Adi Godrej’s Marie Antoinette moment: Indian farmer should invest in stocks

Vivek Kaul

Qu’ils mangent de la brioche” is a French phrase which means “let them eat cake” in English. It is often attributed to the French Queen Marie Antoinette. She had apparently said this to peasants when she came to know that they had no bread to eat.
There is no record that the Marie Antoinette, wife of Louis XVI ever uttered these words. But the myth has held even after all these years. And the story does make a broader point about the rich often having no idea about the state of the poor in their country.
A good example of this is Adi Godrej, the current president of the Confederation of Indian Industry (CII), who recently had his Marie Antoinette moment. In a recent interview to the Tehelka magazine Godrej suggested that the Indian farmers should sell their land and invest the money they get in stocks and mutual funds.
If India has to become a developed country, you cannot have the livelihood of hundreds of millions of people depending on agriculture. They have to move on. They have to move into industry, into services. That’s how you develop a country. That has happened in every country,” Godrej said.
He further went onto add that the money that the farmers get by selling their land should be invested in stocks, so that it does not run out soon. “Why should it run out soon? It can be invested. It can be made into a much bigger value than land. Land has the lowest appreciation of all assets. The best investments are in stocks. Somebody should advise them to invest it in mutual funds so their wealth will rise faster,” Godrej said.
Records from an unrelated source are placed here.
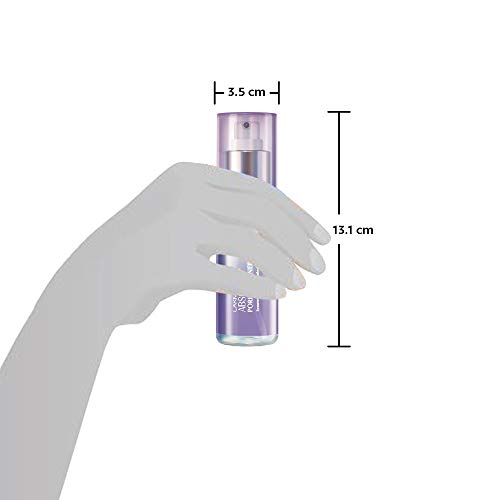 Image of Lakme Absolute Fresh Life Essense with Energising Peridot Gem Extract for glow, 60 ml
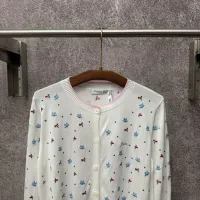 Cheap Christian Dior Sweaters Long Sleeved For Women #1430698 Replica Wholesale [$98.00 USD] [ITEM#1430698] on Replica Christian Dior Sweaters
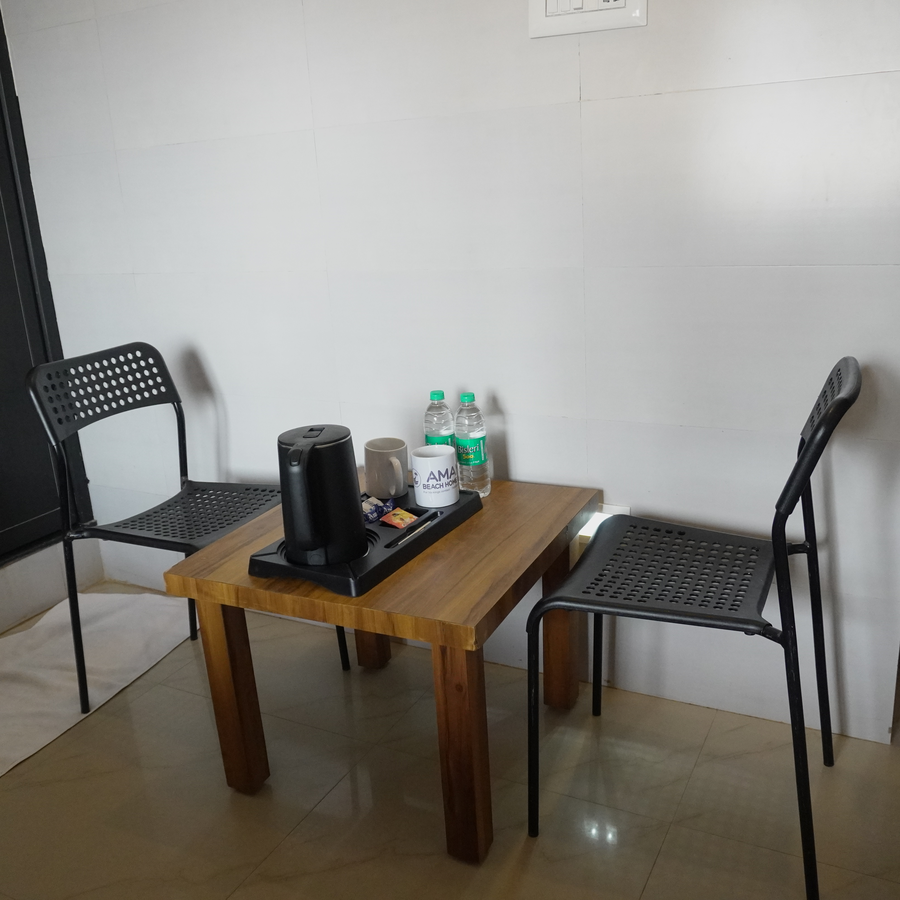 amani beach homestay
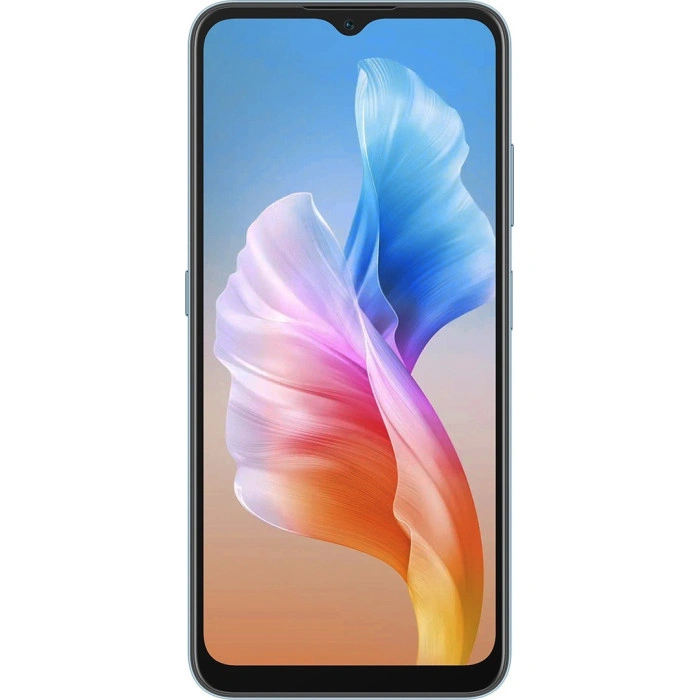 Blackview A85 NFC 8 ГБ/128 ГБ синий + подарок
Let’s try and examine these statements in a little more detail. Agriculture contributes around 14% of India’s gross domestic product (GDP). This has fallen dramatically since 2004-2005, when it used to contribute around 19% of India’s GDP. At the same time it employs around 58.4% of India’s population. (Source:
So 58.4% of India’s population contributes around 14% of India’s GDP. It need not be said that this is a terribly inefficient way of working. Ruchir Sharma of Morgan Stanley calls this “a disturbing tendency of the farmer to stay on the farm” in his book Breakout Nations.
The contribution of agriculture to the overall GDP is expected to continue falling in the years to come. A calculation carried out by the Planning Commission shows that the contribution of agriculture to the total GDP would fall to as low as 7% by 2025-2026. This calculation assumes a fairly optimistic growth of 4% per year in agriculture GDP. At a growth rate of 2%, agriculture’s contribution to overall GDP by 2025-2026 is expected to be at 5.2%.
In making these calculations the Planning Commission assumes that the overall GDP will keep increasing by 8% every year, which is a very optimistic assumption to make given the current state of affairs. (You can see the calculations here).
But even assuming a 4% growth rate for agriculture and just 6% for overall GDP, the contribution of agriculture to the overall GDP can be expected to fall to around 9.8% (This is my calculation and not of the Planning Commission),from the current 14%.
So theoretically the contribution of agriculture to GDP will fall in the coming years. This can be said with utmost certainty. This means that other sectors of the economy like services and industry will grow at a much faster rate. Hence, it makes sense for farmers to sell their land, move on from farming and move onto other sectors of the economy.
And that’s what Godrej suggested in his interview to Tehelka. But even after that if the Indian farmer is unwilling to sell his land there must be some reason to it.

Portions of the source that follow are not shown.